En 5608 (1848), alors qu’il avait vingt-quatre ans, le beau-père qui l’avait toujours soutenu mourut. Il accéda alors à la demande des habitants de sa ville natale de Globocki d’être leur Rav. Il y resta six ans, vivant dans la pauvreté, et quand un jour les responsables de la communauté se réunirent pour augmenter son maigre salaire, il refusa en disant :

– A Globocki il y a des juifs qui sont plus pauvres que moi, ils meurent de faim, et la communauté doit s’occuper d’eux en priorité.

En 5614 (1854), sa situation s’améliora quelque peu car il fut nommé Rav de la ville de Schaki. Il y resta aussi six ans puis devint Rav de la grande ville de Souvalk. A partir de là, il commence à être connu non seulement comme un gaon en Torah, mais aussi comme un responsable communautaire et surtout comme un grand tsaddik. Rabbi Eliahou ‘Haïm Maizel, le Rav de Lodz, lui demandait de prier pour un malade que Dieu lui envoie la guérison. Et quand il fut Rav de la ville de Radom, les ‘hassidim, qui connaissaient sa brûlante crainte du Ciel, voulurent faire de lui un Admor. Finalement, il fut nommé Rav dans la très grande ville de Byalistok, d’où était originaire l’auteur du Oneg Yom Tov.

Dans toutes les villes où il vécut, il fit beaucoup pour ses frères juifs et les sauva plus d’une fois des chrétiens malveillants.

Une fois, on avait condamné plusieurs habitants très respectables de la ville de Soubalk à être pendus. Le jour de l’exécution fut fixé au lendemain de Yom Kippour. La veille de Kippour, le Rav alla se présenter aux autorités militaires. Les yeux remplis de larmes, il parla au commandant et jura que ces juifs étaient innocents et n’avaient été condamnés qu’à cause d’un mensonge malveillant ; comme le commandant ne pouvait pas annuler le verdict, il lui demandait que tout au moins il les laisse venir à la synagogue à Yom Kippour pour qu’ils puissent épancher leur cœur devant Dieu avec leurs frères avant de quitter ce monde. Le commandant lui répondit qu’il acceptait, mais qui se porterait garant que ces juifs ne s’évaderaient pas ? – Je serai garant avec ma vie, répondit le Rav, de les ramener à tout moment où vous l’exigerez. » Le commandant leur donna la permission d’aller à la synagogue. Mais les paroles du Rav avaient fait sur lui grande impression, il commença à douter du verdict et finalement les gracia, ce qui fut considéré comme un miracle.

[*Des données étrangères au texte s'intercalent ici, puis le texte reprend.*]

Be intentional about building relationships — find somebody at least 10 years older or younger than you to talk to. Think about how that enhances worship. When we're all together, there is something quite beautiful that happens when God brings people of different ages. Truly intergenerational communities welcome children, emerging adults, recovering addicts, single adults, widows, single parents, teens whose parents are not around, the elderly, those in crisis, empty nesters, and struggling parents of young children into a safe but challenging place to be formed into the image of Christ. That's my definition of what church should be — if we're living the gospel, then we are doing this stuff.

Il se souciait aussi des soldats juifs qui servaient dans l’armée près de la ville et organisa pour eux de la nourriture cacher. En particulier pendant la fête de Pessa’h, il prévoyait une cuisine spéciale pour tous les soldats qui servaient aux alentours, et leur fournissait trois repas de la nourriture de la fête.

Une fois, quelques jours avant Pessa’h, le responsable de la communauté vint le trouver et lui dit :

– Notre maître, cette année est une année de disette, tout est très cher, et les habitants de la ville n’ont pas de quoi préparer la fête de Pessa’h.

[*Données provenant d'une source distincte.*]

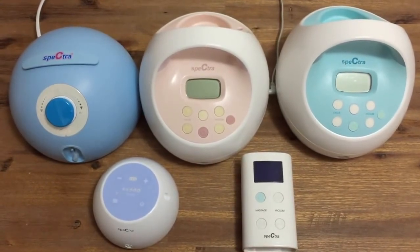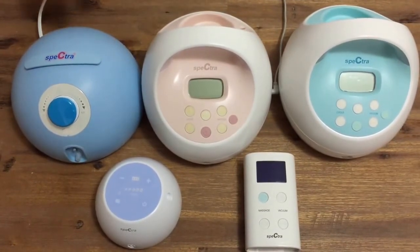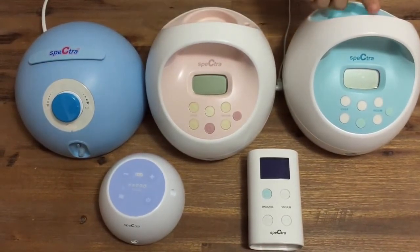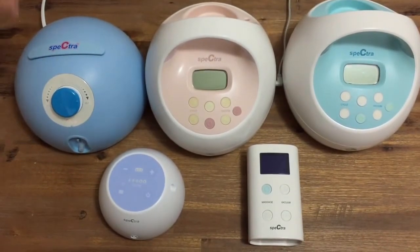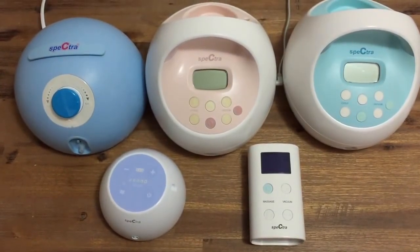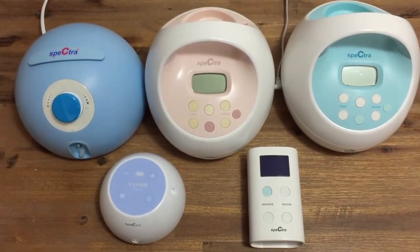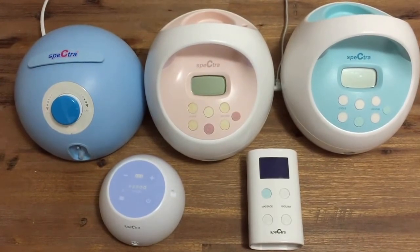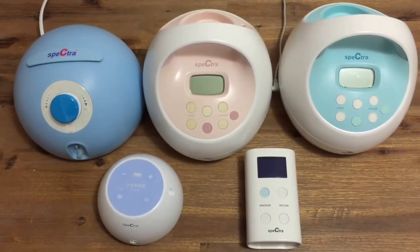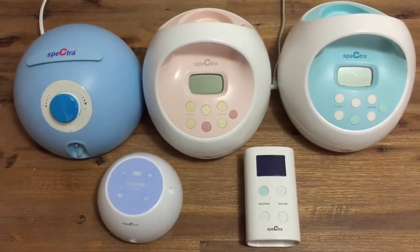Spectra Baby Australia offers two types of breast pumps: hospital grade and personal use pumps. The hospital grade pumps are the G350, which comes in pink and in blue, the Spectra S2, and the Spectra S1. Our personal use pumps are the Spectra M1 and the Spectra 9+. Hospital grade breast pumps are designed for heavy use, have a powerful motor and very strong suction, and are capable of initiating and supporting your milk supply. Personal use pumps are much smaller and lighter in weight, and are best used by mothers who are not needing to rely on the pump to replace breastfeeding or to maintain their milk supply.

– S’il en est ainsi, dit Rabbi Chemouël, convoquons les dayanim et autorisons les kitniot pour ce Pessa’h.

– Notre maître, dit le responsable, soyez béni, je me faisais du souci pour les soldats. Maintenant cela va mieux. Eux aussi, les soldats, mangeront des kitniot.

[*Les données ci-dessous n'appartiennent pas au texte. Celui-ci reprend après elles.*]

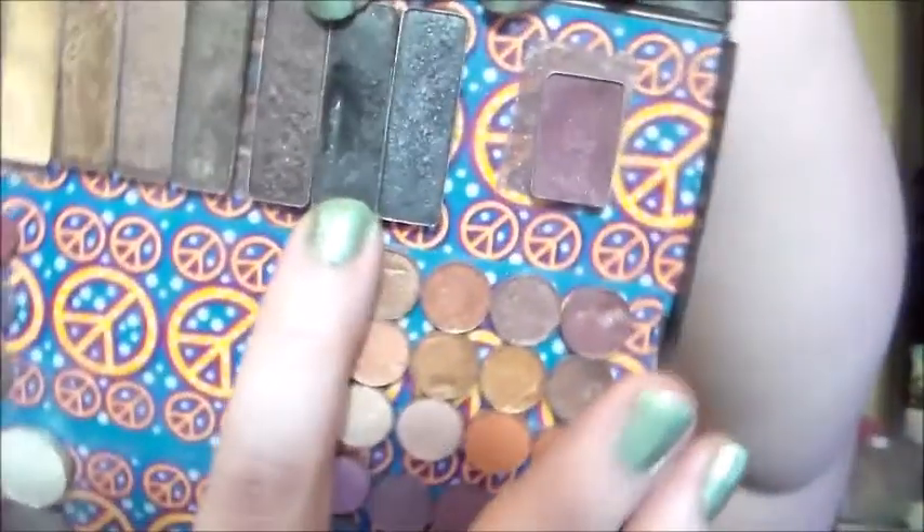In my Wet n' Wild palette I panned a lid shade. I have widened my pan ever so slightly in Creep. Because, as I showed you earlier, I ran out of black in my Lorac Pro, so I've been using it. But I already had that pan, so I'm not too worried about it. If I hit pan in a black in another shadow though, that will definitely count because it takes me forever to hit pan in a black.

– Des soldats juifs ? se fâcha Rabbi Chemouël. Dans notre ville, cela ne sera pas. Moi et vous et tous les habitants de la ville nous mangerons des kitniot ce Pessa’h. Mais nous devons nourrir les soldats juifs de nourritures propres à Pessa’h et de délices pour la fête comme chaque année.

Mais sa plus belle activité fut son travail en faveur du yéchouv d’Erets-Israël. En 5635 (1875), le judaïsme de Russie fêta le quatre-vingt dixième anniversaire du ministre Moïse Montefiori, et dans toutes les villes on ramassa de l’argent pour un fonds appelé « Mazkéret Moché » (« en souvenir de Moïse ») destiné à établir de nouveaux villages en Erets-Israël. Rabbi Chemouël s’investit de toutes ses forces dans ce travail et ramassa beaucoup d’argent. A partir de là, l’idée de l’installation en Erets-Israël devint la mission de sa vie.

Il se rendit dans d’innombrables endroits, et partout il parlait de la mitsvah de peupler Erets-Israël. A Paris il fut introduit au baron Edmond (Binyamin) de Rothschild et le poussa à se consacrer à construire Erets-Israël détruite et déserte. Le baron de Rothschild aida effectivement beaucoup les juifs qui étaient déjà installés en Erets-Israël. Il acheta aux Arabes de grandes étendues de terrain et y installa de nombreux juifs. Au cours du temps, il finit par être connu sous le nom de « célèbre mécène ».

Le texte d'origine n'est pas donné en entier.